Writing Assignments
Writing clearly and concisely is arguably the most important employability skill. Here are examples of two related writing assignments – writing a one-page abstract of an article from The Economist, and writing a 300-500 word op-ed. In keeping with the tenets of Writing Across the Curriculum (WAC), assignments should be aligned with course goals and take the form of common genres in the discipline so that students see the writing as a legitimate part of the course and the field rather than as busy work.
All assignment details, resources, and rubrics are in Cohen and Williams (2019). The rationale for the students is:
Part of your role as an informed citizen involves making sound arguments about economic issues that matter to you and communicating these arguments effectively to others. These assignments will give you practice identifying and developing convincing written arguments about an economic issue for a general audience.
The assignments asks students to write for general rather than expert audiences to give them a task that more closely resembles the writing they will do after graduation: explaining complex (economic or otherwise) ideas to general readers rather than to economic experts.
Abstract Assignment
The abstract assignment is part of scaffolding supporting the op-ed. Before students can make their own arguments, we take them through the process of reading critically. Students accustomed to skimming social media need to learn how to read for argument rather than for information. We take them through the process of identifying someone else’s argument by writing an abstract. Students choose among six Economist articles. As the gold standard of economics journalism, they provide models of good writing, and a sense of the structure and composition of what the student will have to do in the op-ed.

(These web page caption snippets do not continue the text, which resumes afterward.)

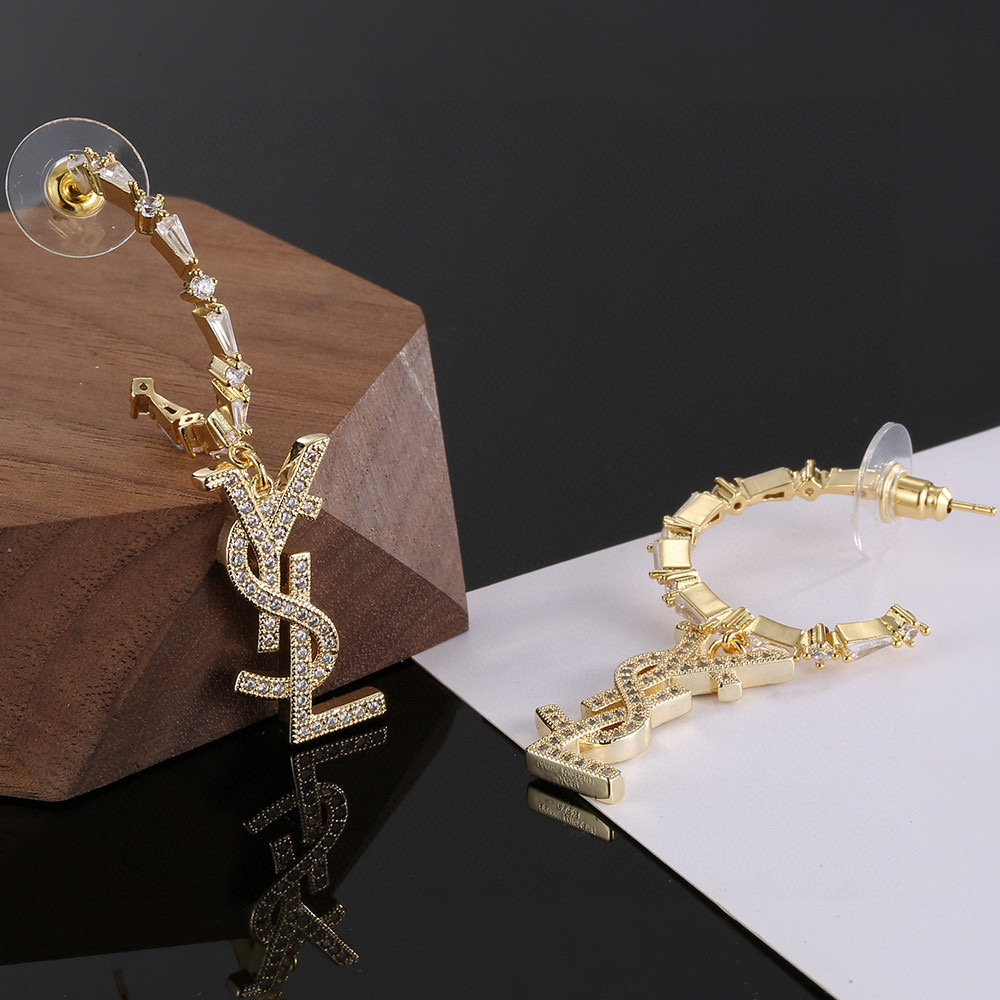 YSL Earrings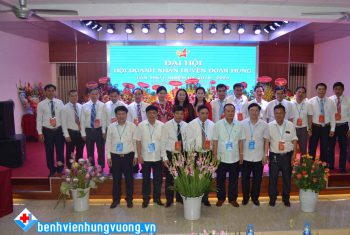 Đại hội Doanh nhân huyện Đoan Hùng lần thứ I, nhiệm kỳ 2018 – 2023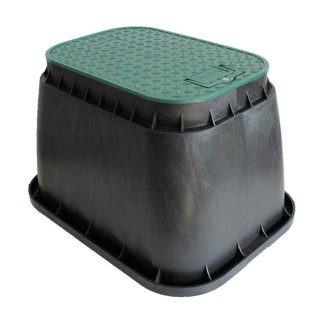 Caixa Retangular Bluedrop Standard BD0202 - Força e Organização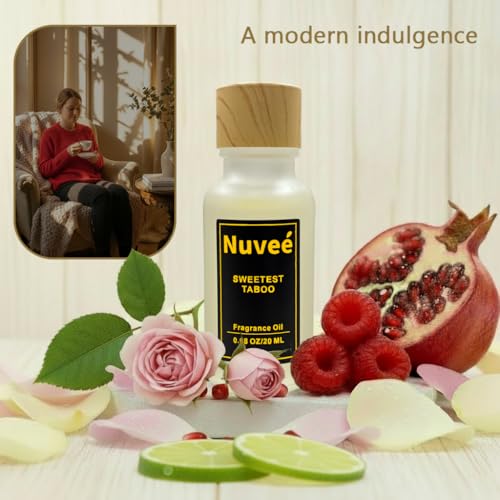 Nuveé arômes élégants : design moderne pour sublimer votre intérieur.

The two-page business memo written for a manager is the most ubiquitous application of the abstract.
Op-Ed Assignment
Building on the abstract assignment, the op-ed assignment and associated module move students from summarizing to analyzing, asking them to take a position on a controversial economic issue and make an argument based on sound economic reasoning for a general audience.
Peer Review
Both assignments require peer review. Using peer assessment software to reduce instructor workload, students give and take suggestions from classmates about their writing assignments, developing communication and teamwork skills. Peer review improves student writing quality, develops higher-order thinking skills, and increases motivation and participation, including for ESL students (see Cohen and Williams for references). Detailed marking rubrics weight argument far more than writing, and do not penalize “writing with an accent” – common errors made by non-native English speakers (e.g., Chinese speakers omit articles) – as long as the errors do not impede meaning. The software efficiencies combined with rubrics make the assignments scalable as assessments. Marking times averaged 5-6 minutes per abstract, and 7-9 minutes per op-ed.